WHAT THE TASK ASKS:
From the first line to the last, retype the records exactly and skip the pictures.

PROVIDED ENTRIES:
>>>

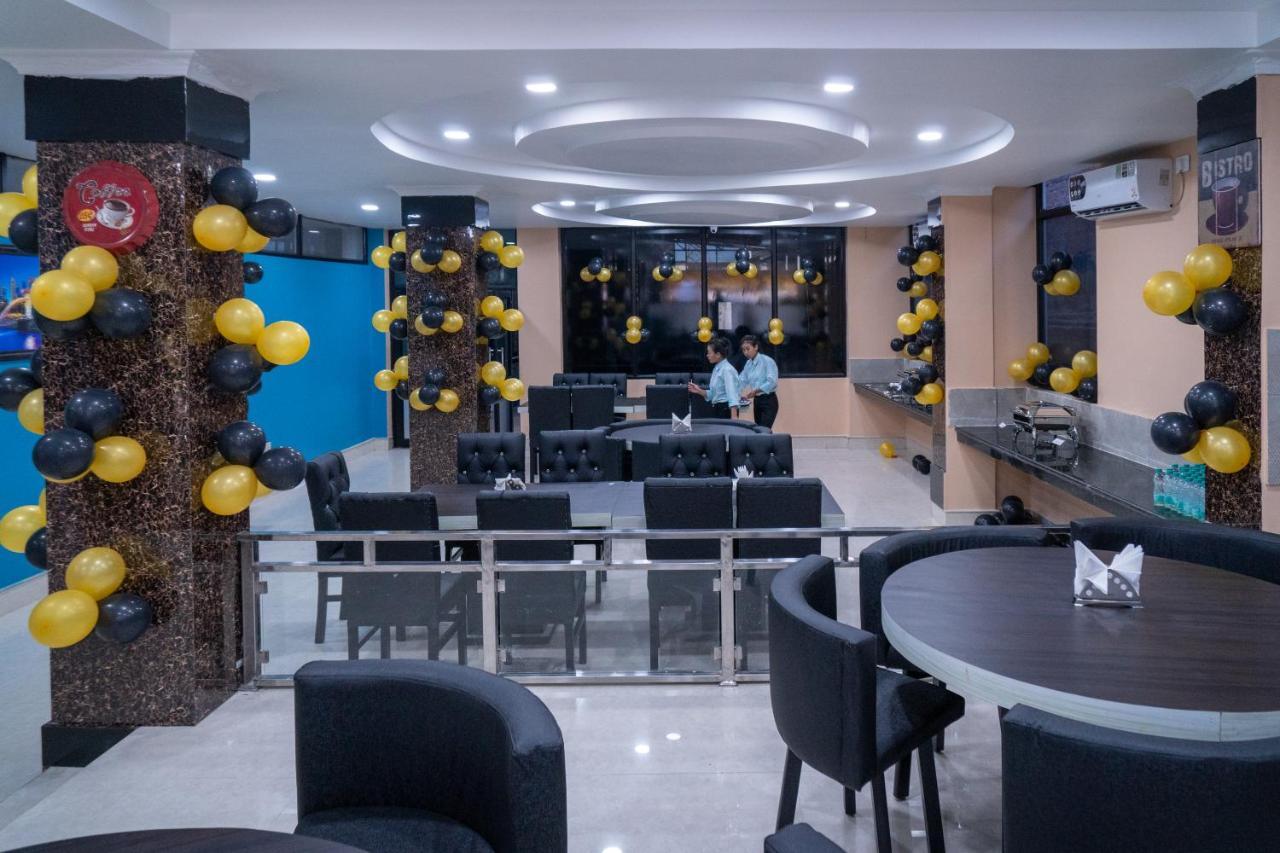The Four Season Hotel Dimapur Екстер'єр фото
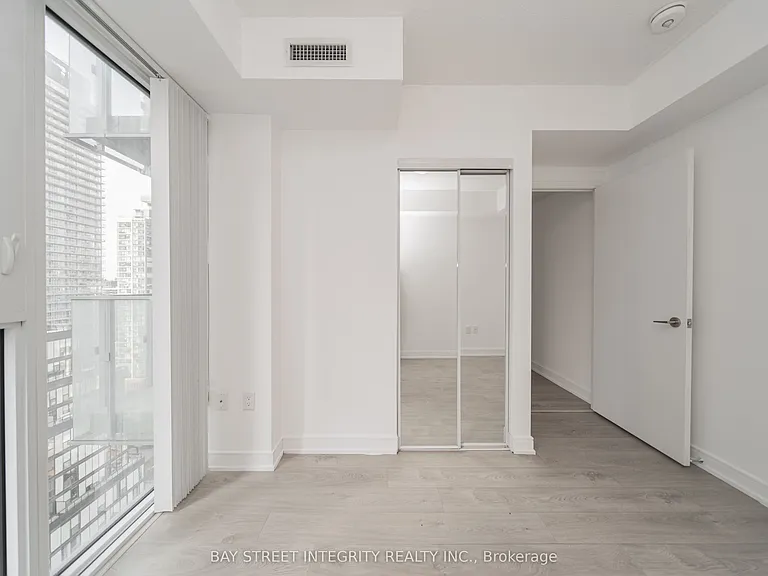 50 Wellesley St E #2801 — Photo 3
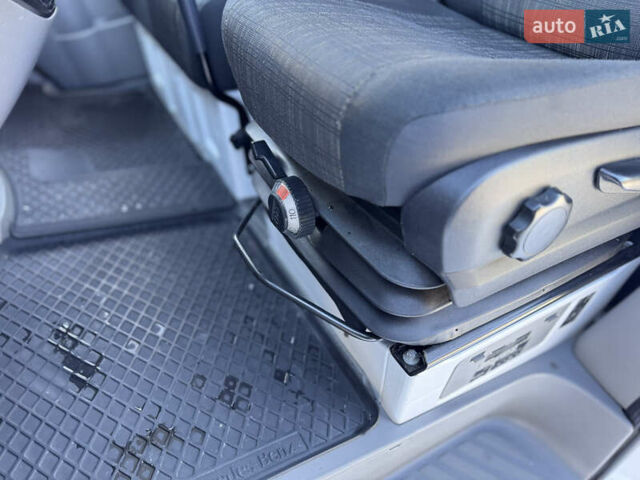 Белый Мерседес Sprinter, объемом двигателя 2.2 л и пробегом 338 тыс. км за 20500 $, фото 24 на Automoto.ua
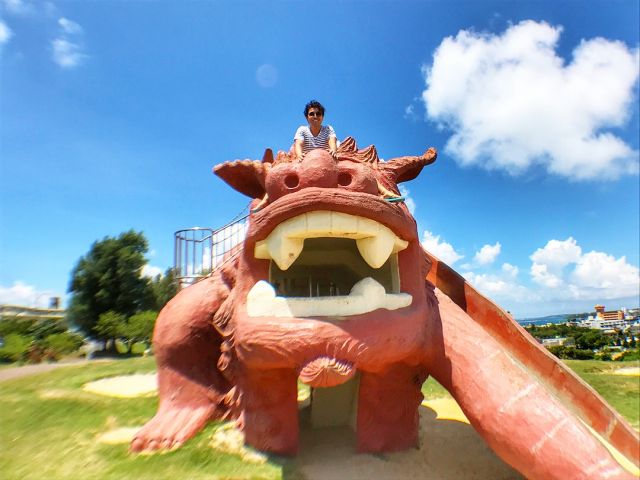 シーサーがドーーーンっと。宮古島には大きい『シーサー』や『まもる君』などの観光名所も？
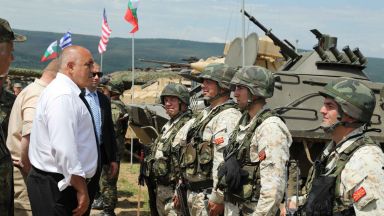Борисов: С новите изтребители ще пазим и Северна Македония (снимки, видео)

<<<

RESPONSE:
The Four Season Hotel Dimapur Екстер'єр фото
 50 Wellesley St E #2801 — Photo 3
 Белый Мерседес Sprinter, объемом двигателя 2.2 л и пробегом 338 тыс. км за 20500 $, фото 24 на Automoto.ua
 シーサーがドーーーンっと。宮古島には大きい『シーサー』や『まもる君』などの観光名所も？
Борисов: С новите изтребители ще пазим и Северна Македония (снимки, видео)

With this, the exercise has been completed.